God really loves being with us. The last scene, void of words, is one that speaks volumes above any dialogue that could be written: God dances with Evan underneath a tree (my daughter, who knows an astounding amount about trees, instructed me that it is an olive tree) in the middle of the wilderness. It’s an absolutely gorgeous moment, an echo of the desire of God to be with us in love and joy. Beautiful.

On a last note, I found the film also reflects (albeit in a simplistic and humorous way) the cutthroat world many of us work in, especially in the power centers in the world (like the D.C. area). Evan quickly discovers this in his interactions with another congressman (played by John Goodman). The halls of power are cutthroat and perilous. Recently, I was reflecting on why Pilate said what he did about truth when Jesus was before him, and I finally got it: Pilate lived in a world where the most powerful got to determine what truth is. You lived their truth or you perished. That’s a hard world to live in—one far too many of us find ourselves a part of. Sometimes these power structures and centers recognize the integrity and virtues of those who walk with God or walk in the ways of God—but sometimes it cuts them down (think Joseph, David and the early Christian apostles). The bottom line is that we have a choice on who to trust and whose rules we’ll walk by: the world and it’s ways or God and his Royal Rule: “Love your neighbor as yourself” (James 2:8).

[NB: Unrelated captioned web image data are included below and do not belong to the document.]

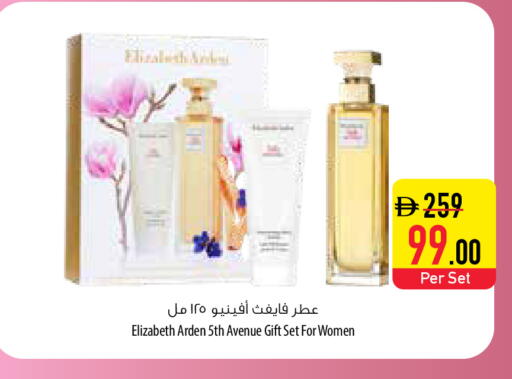 available at السفير ماركت in الإمارات العربية المتحدة , الامارات - أبو ظبي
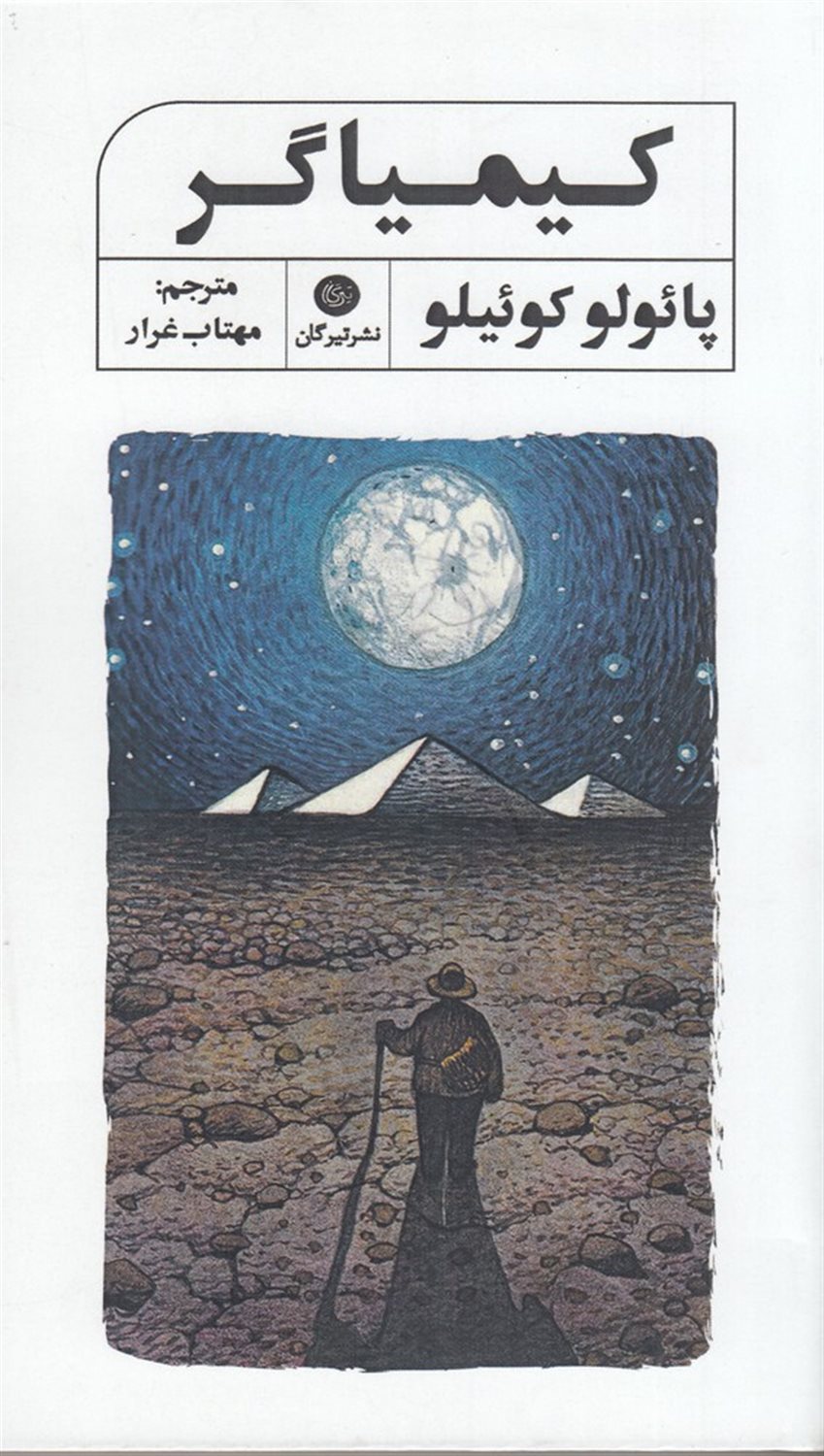کیمیاگر
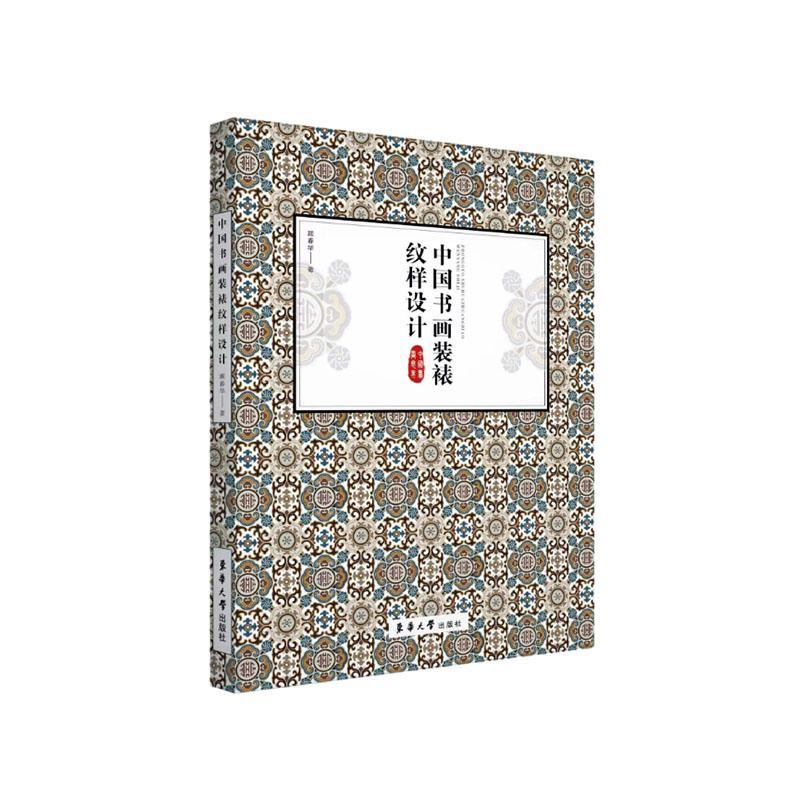 中国书画装裱纹样设计顾春华9787566921901 东华大学出版社 艺术书籍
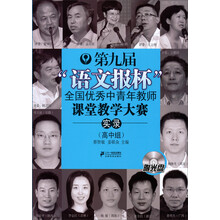 第九届“语文报杯”全国优秀中青年教师课堂教学大赛实录(高中组)(附光盘)
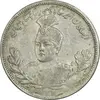 سکه 5000 دینار 1332 تصویری - AU50 - احمد شاه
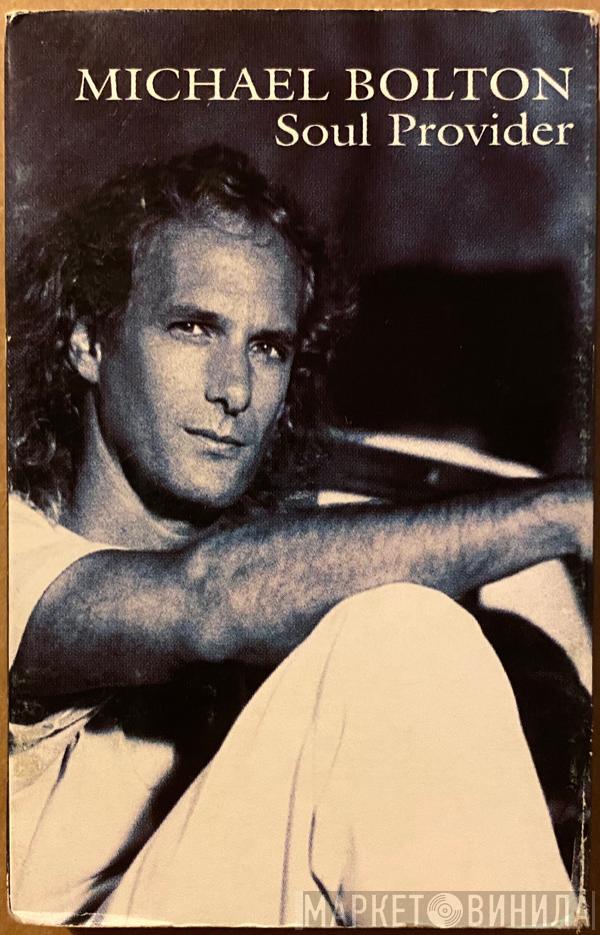 Michael Bolton - Soul Provider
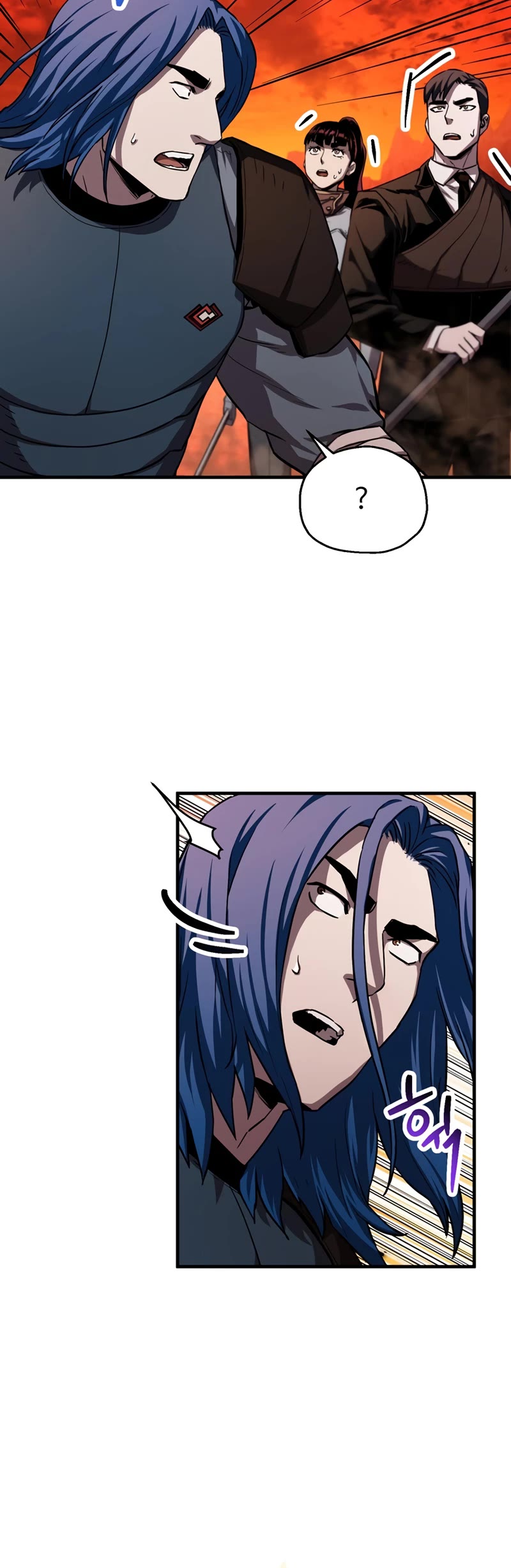 The Player That Can't Level Up Chapter 103 page 26 - Chapter 103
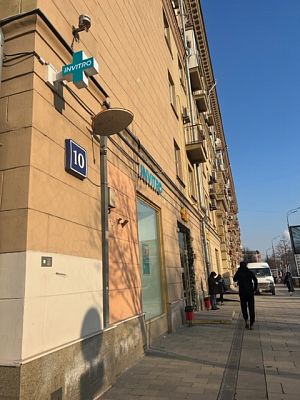 Купить квартиру г Москва, ул Житная, д 10 40000000 рублей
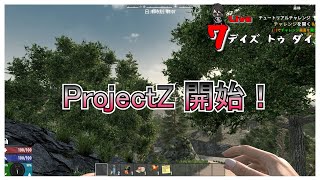 【7 Days to Die】面白そうなMod発見！ #1 ProjectZ Mod   V1.1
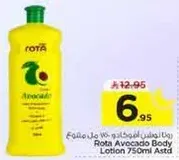 Rota Avocado Body Lotion 750ml Asthd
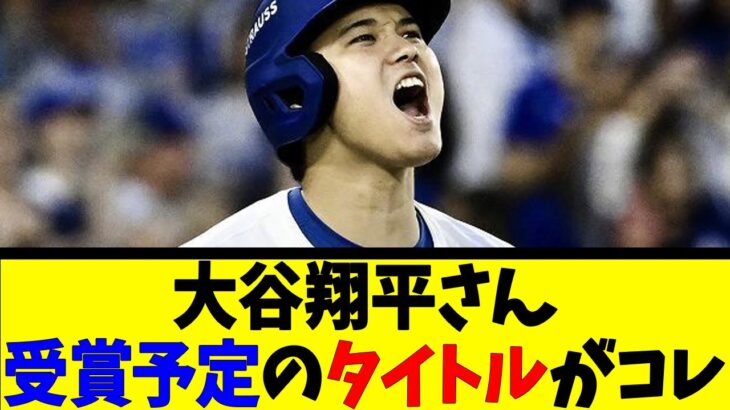 大谷翔平さん 受賞予定のタイトルがコレ【反応集】【野球反応集】【なんJ なんG野球反応】【2ch 5ch】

Christianity Today’s reviewer gave this film 3.5 out of 4 stars, but mainstream critics decidedly panned the film, calling it “far less interesting than it’s premise,” “shamelessly juvenile, pseudo-religious, mock-sincere,” and a film that “combines the easiest elements of lazy comedy with the most indulgent elements of lazy disaster movies.” I think those judgments are too harsh; the film’s definitely not a masterpiece, it has its sloppy moments and the “flood scenes” are rather farfetched, but I was engaged the entire way through. I found it a gentle, funny and worth watching story. But perhaps this is a case where my own familiarity with the biblical story informed my watching of this one.

At any rate, my husband and I really enjoyed Evan Almighty—and so did my kids (and there are far too few films with which we can do that together). Plus it brought more than enough God-talk into open spaces.